La messa al bando di Twitter ha un significato importante: il Paese più popoloso dell’Africa usa spesso questa piattaforma, che ha 39 milioni di utenti ed è seconda solo a Facebook, per discutere di questioni di rilevanza pubblica. In parole povere, molti dibattiti pubblici cominciano su Twitter. Non sorprende dunque che la presa di posizione del governo nigeriano sia stata criticata e letta come una limitazione della libertà di espressione.  L’Unione Europea, la Gran Bretagna, gli Stati Uniti e il Canada, attraverso le loro rappresentanze diplomatiche nel paese, hanno fatto sapere che “vietare i mezzi di espressione non è la soluzione. La strada per una Nigeria più sicura passa attraverso una maggiore comunicazione, non minore”, si legge nel messaggio nel quale si sottolinea la necessità di un “dialogo inclusivo”, nonché quella di “condividere informazioni vitali in questo momento di pandemia di Covid-19”. Dopo il comunicato congiunto dove Ue e altri Paesi mostrano preoccupazione per quanto avvenuto, il ministro degli Esteri della Nigeria, Geoffrey Onyeama, ha convocato i diplomatici per una riunione nella capitale Abuja e ha dichiarato di aver aperto una trattativa con Twitter dopo averne sospeso il servizio nel Paese. “Ci sono discussioni in corso, vedremo come procede, quindi non posso dire per ora la durata della sospensione”, ha spiegato.

Entrando nel vivo della questione il portavoce del presidente, Garba Shehu, ha negato che la sospensione del social abbia a che fare con la rimozione del tweet di Muhammadu Buhari, definita comunque “deludente”, parlando più in generale di “disinformazione e fake news diffuse” che hanno “conseguenze violente nel mondo reale”. Insomma, l’azione governativa avrebbe il solo scopo di tutelare i cittadini da notizie false e tendenziose. Eppure, molti nigeriani pensano che questa mossa sia un tentativo di mettere il bavaglio alle critiche. Quasi duecento cittadini e il Socio-economic rights and accountability project (Serap), un gruppo locale per la difesa dei diritti, si sono allora rivolti alla Corte di giustizia della Comunità economica degli Stati dell’Africa occidentale (Ecowas) nella capitale della Nigeria, Abuja. “La sospensione di Twitter ha lo scopo di intimidire e impedire ai nigeriani di utilizzarlo per valutare le politiche del governo, rendere nota la corruzione e criticare gli atti di impunità ufficiale da parte degli agenti del governo federale”, si legge in una nota di Serap.

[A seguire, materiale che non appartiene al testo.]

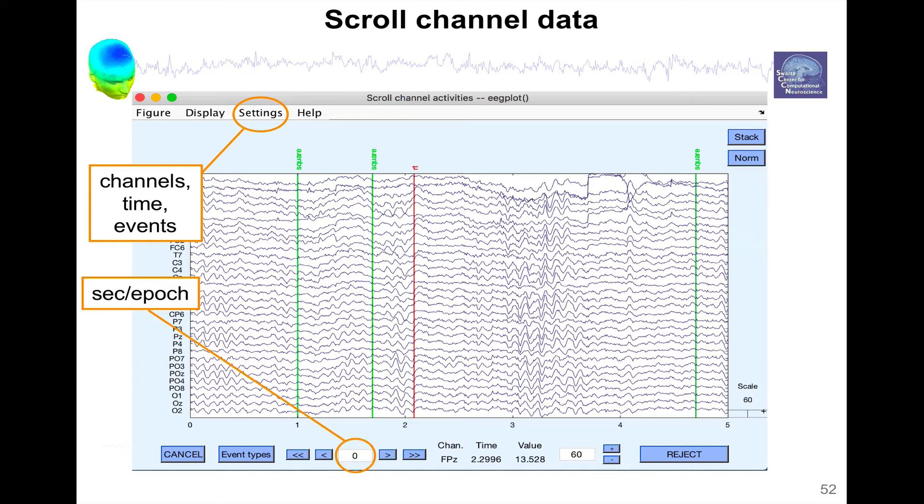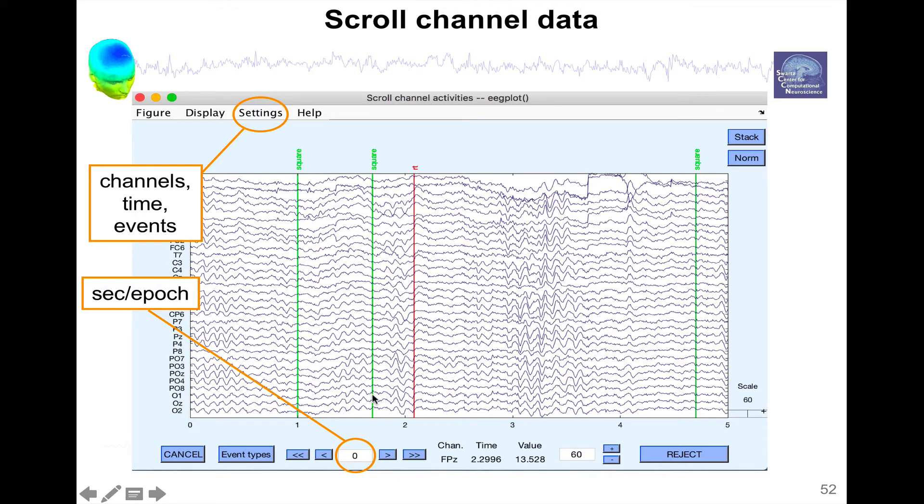You have this edit box here where you can see where is the beginning of the data pointing to, so here it's time zero is at the beginning. It can also be when you're visualizing data epochs, this will be the first epoch, what is the first epoch that's being seen.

Pochi giorni fa (anche) per placare le polemiche, il ministro dell’Informazione nigeriano Lai Raufu Mohammed ha fatto sapere che le trattative con la piattaforma procedono e che per revocare il blocco “Twitter deve prima di tutto registrarsi come azienda in Nigeria, deve ottenere una licenza dalla Broadcasting Commission e deve impedire che la sua piattaforma venga utilizzata da coloro che promuovono atti ostili all’esistenza stessa della Nigeria”, ha affermato.

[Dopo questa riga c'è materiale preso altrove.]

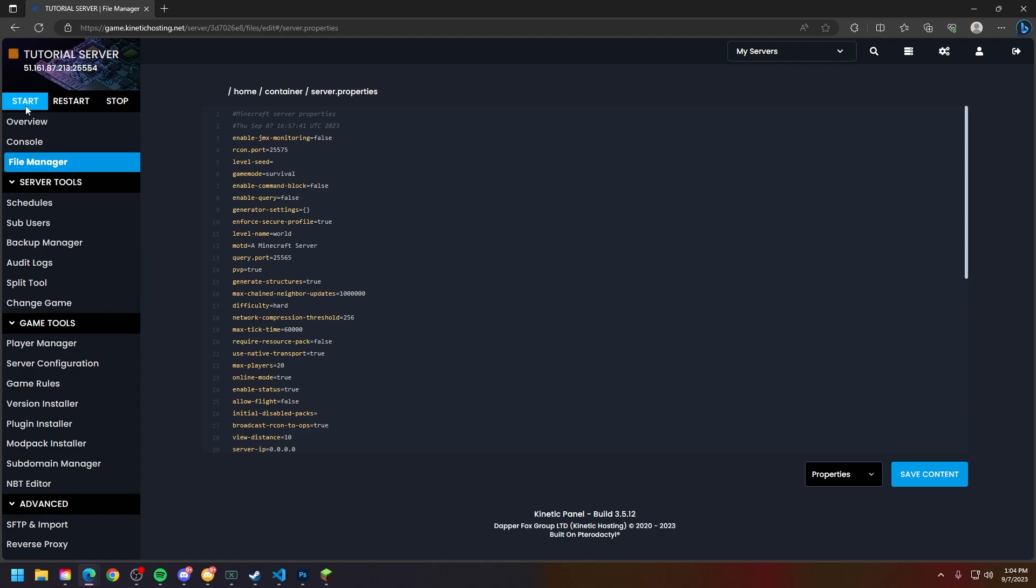So that is how you change your server's difficulty. If this video helped you out, make sure to smack that like button and subscribe for future tutorials. Thank you so much for choosing Kinetic Hosting and we will see you around.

Ad applaudire la Nigeria, intanto, c’è Donald Trump che si è congratulato col governo e ha invitato altri Paesi a fare lo stesso perché a suo dire Facebook e Twitter “non consentono la libertà di espressione”. Ricordiamo che l’ex presidente degli Stati Uniti è stato messo al bando dai due social lo scorso gennaio, dopo essere stato accusato di aver postato messaggi che incitavano la folla a prendere d’assalto il Campidoglio degli Stati Uniti. Una vicenda che è costata la vita di 5 persone.